When executing this, the output successfully contains the user data but completely misses the pagination block (data, links, and meta), which is essential for client-side navigation.

Understanding the Root Cause

The core issue stems from how Laravel bundles collections and paginators when transforming them into JSON resources. When you use UserResource::collection($users), Laravel focuses solely on mapping the collection items to the resource structure defined by toArray(). It treats the result as a simple collection of transformed objects, rather than preserving the context of the pagination object itself.

To solve this, we need to ensure that the paginator object is explicitly merged with the results generated by the resources. We must manually access and structure the metadata before sending the final response.
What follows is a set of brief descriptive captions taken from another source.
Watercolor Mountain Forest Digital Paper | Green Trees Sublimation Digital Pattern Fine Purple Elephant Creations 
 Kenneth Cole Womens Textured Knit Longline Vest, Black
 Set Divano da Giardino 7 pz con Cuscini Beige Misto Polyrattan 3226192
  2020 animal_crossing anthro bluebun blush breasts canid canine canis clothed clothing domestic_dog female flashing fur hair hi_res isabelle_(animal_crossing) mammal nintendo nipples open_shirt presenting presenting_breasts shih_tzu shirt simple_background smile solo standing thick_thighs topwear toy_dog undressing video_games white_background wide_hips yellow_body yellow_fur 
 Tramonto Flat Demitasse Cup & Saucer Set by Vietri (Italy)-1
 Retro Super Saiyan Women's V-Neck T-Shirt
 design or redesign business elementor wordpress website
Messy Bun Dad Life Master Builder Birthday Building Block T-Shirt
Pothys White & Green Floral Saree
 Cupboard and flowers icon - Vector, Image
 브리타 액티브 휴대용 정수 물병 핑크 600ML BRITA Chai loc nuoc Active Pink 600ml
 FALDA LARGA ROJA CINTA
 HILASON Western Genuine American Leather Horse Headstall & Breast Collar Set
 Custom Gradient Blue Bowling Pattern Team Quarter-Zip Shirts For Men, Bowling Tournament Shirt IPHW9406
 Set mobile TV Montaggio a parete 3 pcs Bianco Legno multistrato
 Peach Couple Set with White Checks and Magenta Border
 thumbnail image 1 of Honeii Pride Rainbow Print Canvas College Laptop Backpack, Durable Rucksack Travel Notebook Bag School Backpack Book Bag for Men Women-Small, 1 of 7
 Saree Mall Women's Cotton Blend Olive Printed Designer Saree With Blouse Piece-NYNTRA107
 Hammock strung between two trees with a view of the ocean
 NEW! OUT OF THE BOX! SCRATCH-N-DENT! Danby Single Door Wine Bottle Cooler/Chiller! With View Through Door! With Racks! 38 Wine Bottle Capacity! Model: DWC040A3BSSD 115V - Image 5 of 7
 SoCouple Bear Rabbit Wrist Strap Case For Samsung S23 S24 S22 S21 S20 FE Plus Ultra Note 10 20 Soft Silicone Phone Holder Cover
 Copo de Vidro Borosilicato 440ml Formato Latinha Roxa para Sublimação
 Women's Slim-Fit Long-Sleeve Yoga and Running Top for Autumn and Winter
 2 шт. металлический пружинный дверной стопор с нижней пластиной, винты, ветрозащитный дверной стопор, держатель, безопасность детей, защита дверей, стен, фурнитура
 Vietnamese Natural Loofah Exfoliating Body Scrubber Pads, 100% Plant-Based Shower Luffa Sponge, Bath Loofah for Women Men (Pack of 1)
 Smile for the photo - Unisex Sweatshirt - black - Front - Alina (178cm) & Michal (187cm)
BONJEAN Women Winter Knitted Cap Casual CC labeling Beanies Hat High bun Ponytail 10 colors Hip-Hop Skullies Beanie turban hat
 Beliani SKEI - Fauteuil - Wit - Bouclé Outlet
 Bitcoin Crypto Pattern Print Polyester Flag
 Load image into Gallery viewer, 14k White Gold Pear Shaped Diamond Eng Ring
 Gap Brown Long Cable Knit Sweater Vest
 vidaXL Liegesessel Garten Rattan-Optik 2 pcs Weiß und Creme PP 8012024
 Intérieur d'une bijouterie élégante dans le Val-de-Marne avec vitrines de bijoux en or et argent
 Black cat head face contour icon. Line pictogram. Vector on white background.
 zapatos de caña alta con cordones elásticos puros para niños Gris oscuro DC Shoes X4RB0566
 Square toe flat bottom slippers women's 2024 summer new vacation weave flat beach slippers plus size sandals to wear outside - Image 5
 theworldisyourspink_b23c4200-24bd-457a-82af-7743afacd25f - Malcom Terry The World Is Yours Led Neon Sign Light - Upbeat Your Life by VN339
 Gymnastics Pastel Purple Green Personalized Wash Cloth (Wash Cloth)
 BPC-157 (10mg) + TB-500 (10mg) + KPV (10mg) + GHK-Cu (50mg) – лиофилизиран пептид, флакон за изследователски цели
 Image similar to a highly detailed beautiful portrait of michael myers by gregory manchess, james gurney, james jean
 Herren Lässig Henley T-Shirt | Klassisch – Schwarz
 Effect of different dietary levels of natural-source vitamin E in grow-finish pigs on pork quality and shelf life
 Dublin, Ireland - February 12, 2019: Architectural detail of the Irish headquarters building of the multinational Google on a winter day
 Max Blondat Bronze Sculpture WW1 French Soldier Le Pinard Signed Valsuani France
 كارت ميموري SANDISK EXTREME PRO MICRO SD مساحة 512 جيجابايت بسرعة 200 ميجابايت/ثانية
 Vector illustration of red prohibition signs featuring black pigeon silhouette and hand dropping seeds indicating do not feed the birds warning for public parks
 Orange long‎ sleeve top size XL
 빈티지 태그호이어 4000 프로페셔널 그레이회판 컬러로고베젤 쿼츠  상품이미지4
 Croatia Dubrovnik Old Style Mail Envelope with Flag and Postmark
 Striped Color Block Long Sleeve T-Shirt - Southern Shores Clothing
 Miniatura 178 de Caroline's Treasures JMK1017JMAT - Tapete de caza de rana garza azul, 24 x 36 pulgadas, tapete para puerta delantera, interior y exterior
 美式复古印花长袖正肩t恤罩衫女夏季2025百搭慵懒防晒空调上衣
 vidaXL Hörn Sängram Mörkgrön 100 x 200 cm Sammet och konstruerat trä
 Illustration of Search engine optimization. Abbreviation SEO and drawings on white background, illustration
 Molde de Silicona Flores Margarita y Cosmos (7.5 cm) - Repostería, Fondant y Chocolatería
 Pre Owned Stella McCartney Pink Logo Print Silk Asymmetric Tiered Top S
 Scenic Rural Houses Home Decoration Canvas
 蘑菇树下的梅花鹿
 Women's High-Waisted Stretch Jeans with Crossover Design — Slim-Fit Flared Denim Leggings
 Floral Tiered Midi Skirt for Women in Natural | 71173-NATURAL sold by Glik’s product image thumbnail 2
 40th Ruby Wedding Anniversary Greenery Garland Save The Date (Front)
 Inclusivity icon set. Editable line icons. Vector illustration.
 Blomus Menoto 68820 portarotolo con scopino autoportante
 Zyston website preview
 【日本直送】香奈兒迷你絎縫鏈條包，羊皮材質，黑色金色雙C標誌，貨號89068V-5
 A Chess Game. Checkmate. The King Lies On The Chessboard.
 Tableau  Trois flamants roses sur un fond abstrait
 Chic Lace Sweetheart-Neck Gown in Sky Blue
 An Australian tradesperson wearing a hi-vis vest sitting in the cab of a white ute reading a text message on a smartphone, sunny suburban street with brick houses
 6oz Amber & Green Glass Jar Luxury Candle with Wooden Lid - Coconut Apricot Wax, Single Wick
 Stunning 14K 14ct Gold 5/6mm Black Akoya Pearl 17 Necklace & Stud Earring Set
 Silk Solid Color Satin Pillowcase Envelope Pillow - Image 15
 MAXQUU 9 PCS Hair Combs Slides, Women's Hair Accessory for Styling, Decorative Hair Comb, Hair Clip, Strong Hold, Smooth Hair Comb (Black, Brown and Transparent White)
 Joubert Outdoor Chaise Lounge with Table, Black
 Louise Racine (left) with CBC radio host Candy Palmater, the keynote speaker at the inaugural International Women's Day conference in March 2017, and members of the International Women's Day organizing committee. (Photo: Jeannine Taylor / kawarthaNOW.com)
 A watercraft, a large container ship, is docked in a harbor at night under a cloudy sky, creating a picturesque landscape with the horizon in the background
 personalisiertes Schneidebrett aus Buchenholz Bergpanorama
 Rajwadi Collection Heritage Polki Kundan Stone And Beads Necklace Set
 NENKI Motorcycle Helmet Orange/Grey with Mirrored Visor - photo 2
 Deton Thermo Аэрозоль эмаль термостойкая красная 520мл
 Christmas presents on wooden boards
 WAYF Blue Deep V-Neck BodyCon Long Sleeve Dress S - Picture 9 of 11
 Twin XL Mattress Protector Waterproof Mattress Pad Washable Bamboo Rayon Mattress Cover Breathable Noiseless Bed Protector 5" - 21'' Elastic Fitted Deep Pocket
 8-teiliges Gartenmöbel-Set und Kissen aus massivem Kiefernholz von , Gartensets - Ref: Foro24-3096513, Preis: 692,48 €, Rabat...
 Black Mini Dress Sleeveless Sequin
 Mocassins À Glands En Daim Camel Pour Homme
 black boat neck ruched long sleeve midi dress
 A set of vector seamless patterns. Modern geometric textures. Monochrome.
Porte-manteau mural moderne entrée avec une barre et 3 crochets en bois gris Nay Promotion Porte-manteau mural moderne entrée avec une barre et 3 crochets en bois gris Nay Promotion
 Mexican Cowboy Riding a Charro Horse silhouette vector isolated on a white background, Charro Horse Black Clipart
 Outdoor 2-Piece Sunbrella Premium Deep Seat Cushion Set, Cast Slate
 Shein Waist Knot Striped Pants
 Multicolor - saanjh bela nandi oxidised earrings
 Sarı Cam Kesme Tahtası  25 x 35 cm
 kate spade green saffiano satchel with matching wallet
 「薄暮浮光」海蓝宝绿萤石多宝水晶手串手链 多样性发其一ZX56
The Solution: Merging Data for Complete API Responses

The correct approach is to treat the paginator data separately from the resource collection data and combine them into a single, cohesive response object. This ensures that all necessary linking information travels with the payload.

Refactored Implementation

Instead of relying solely on UserResource::collection(), we will manually extract the necessary components: the transformed data and the paginator object itself.

use App\Models\User;
use App\Http\Resources\UserResource;

public function index()
{
    $users = User::paginate(3); // The paginator instance
    
    // 1. Get the paginated data using the resource collection method
    $resourceCollection = UserResource::collection($users);
    
    // 2. Extract the core data and the pagination metadata separately
    $data = $resourceCollection->toArray();
    $pagination = $users->links(); // Accessing the links object from the paginator

    return response()->json([
        'success' => 'true',
        'message' => 'Request successful',
        'result' => [
            'data' => $data, // The transformed user data
            'links' => $pagination, // The pagination links
            'meta' => $users->toArray(), // Extracting meta from the paginator object
        ]
    ]);
}

Explanation of the Fix

By separating the concerns—transforming the items (UserResource::collection()) and retrieving the navigational context ($users->links() and $users->toArray())—we regain full control over the final JSON structure. We are no longer letting Laravel implicitly handle the merging, which was causing the metadata loss. This pattern is fundamental when building complex API structures in Laravel, adhering to best practices outlined by resources like those found on laravelcompany.com.

Conclusion

Dealing with pagination and resource transformation simultaneously requires careful architectural consideration. When you customize your toArray() methods, remember that you are defining the data payload, not the container structure of the API response. By explicitly extracting the paginator object ($users->links()) and merging it with your transformed results, you ensure that clients receive not only the requested data but also the necessary navigational context. This approach guarantees a complete and robust API experience for all your Laravel applications.